Whether you already have experience of dog ownership, are a new dog owner or are about to be a dog owner, then training your dog is one of the most important aspects you need to consider. Likewise if you currently have a dog with behavior problems, then dog training is essential.

However, knowing you need to train your dog and actually training your dog are two entirely different things. Just where do you start?

To successfully train your dog, you need to consider and understand some key facets of dog behaviour. Knowing and understanding these 5 facets will greatly improve your dog training.

1. The origins of dogs. Dogs are in essence descended from modern day wolves. While domestication has dampened or eliminated many traits, some key natural instincts still remain. Like wolves, dogs are pack animals. What does this mean?

Well, there are several traits that derive from being a pack animal. The important ones when it comes to training are dogs are naturally sociable, they are used to routine and they are used to a social structure (i.e. the famed alpha male).
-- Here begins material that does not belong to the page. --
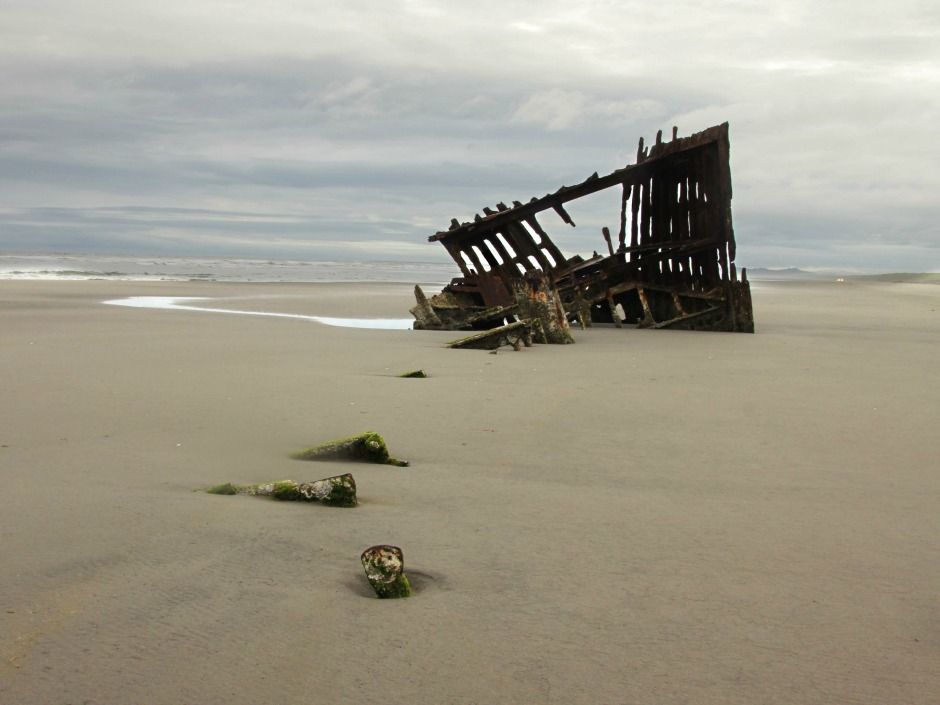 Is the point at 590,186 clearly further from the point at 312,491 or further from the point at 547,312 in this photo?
the point at 312,491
As sociable animals dogs thrive on the interaction with other dogs. A dog does not consider you as a human but rather a funny looking dog. Therefore, dogs thrive on the interaction with you. Just like a wild wolf, rejected by the pack, if you starve a dog of this interaction, they will become unhappy and very agitated.

When it comes to training, you can use this to reward or punish your dog. Interacting with your dog (e.g. patting, encouraging/excited talk, etc) can be as much of a reward as treats of food. Similarly, ignoring your dog (e.g. turning your back, stern talk, putting them in another room, etc) can be a harsh punishment for a dog. Its definitely better than smacking them.

As with all animals (including humans), dogs thrive on routine. If they know what and when they are likely to be doing certain things, then they are relaxed and comfortable. They know what to expect and are not confused by ever changing circumstances.

Training should also stick to a routine. Decide when the best time of the day is best for you to train your dog and stick by that time as rigidly as possible. Your dog will soon get into a routine of expecting to be trained at say 3pm every day and will be prepared for when training time comes. If your dog is ready and expecting to be trained, then it goes without saying that they will actually train better.

Within a pack there is always the alpha male. The dog that leads the pack, protects the pack and ultimately ensures the pack is fed and survives. As mentioned, a dog sees you as a funny looking dog and not a human. To be a good dog owner you absolutely need to be the alpha male. How many nature programs have you seen where the alpha male is being challenged by one of the other would be alpha males? Likewise, your dog will be challenging you to be the alpha male – this is a natural instinct for them.

You must establish yourself as the alpha male from the beginning. Providing food, interaction, punishing bad behaviour, body and vocal language all go towards asserting yourself as the alpha male. If your dog does not consider you as the alpha male, then they will not listen or act on your training instructions.

2. A dog’s memory. We all know that goldfish have short memories. However, you may be surprised to know that dogs also have short retention memories. If you could tell your dog something, it is likely that by the next day or a few hours later, they will have forgotten. On the other had (or paw) dogs do have incredibly good associated memory. This basically means that if your dog can associated something with what you tell it then it will likely remember what you told it for years to come.

For example if you told your dog (assuming you could speak doggy language) that the chocolate biscuits were in the cupboard your dog would probably forget this within a few hours. However, if you showed your dog where the chocolate biscuits were, repeating the words ‘chocolate biscuits’, every time you said ‘chocolate biscuits’ it would probably go straight to the cupboard. It may also search the cupboard every few hours for the rest of its life looking for the chocolate biscuits but that’s not the point.

Therefore, when training your dog you need to associate the training topic with something. For example: if you are teaching your dog to sit. If you associate the word ‘sit’ by getting your dog to physically sit and then giving them a reward. Repeat this a few times and soon your dog will associate your command ‘sit’ with it physically sitting and then getting a reward. The difficult bit is disassociating the reward – ask yourself why almost every dog will naturally sit when you have food in your hand?

3. Doggy language. Despite comments above, we cannot speak doggy language and dogs cannot speak our language. This is important when it comes to training. You have to choose words for commands that both you and your dog will remember. Be careful not to choose very common words or else your dog will be easily confused when this word keeps appearing within the middle of a sentence. A common word often used in training dogs is ‘come’. For this example, it may be better to use a slang version or combine ‘come here’ into a single short word.

The important thing is that when you decide on a word for a command to stick with it and be consistent, otherwise your dog will become confused.

I know it can be difficult, especially if you come home to your new TV pulled off the cabinet, to always use pre-selected words when talking to your dog. Your dog does not speak human language and will only know what those few words you have trained it with are (and the tone you have used). So if you start using other words or different tones your dog will not understand.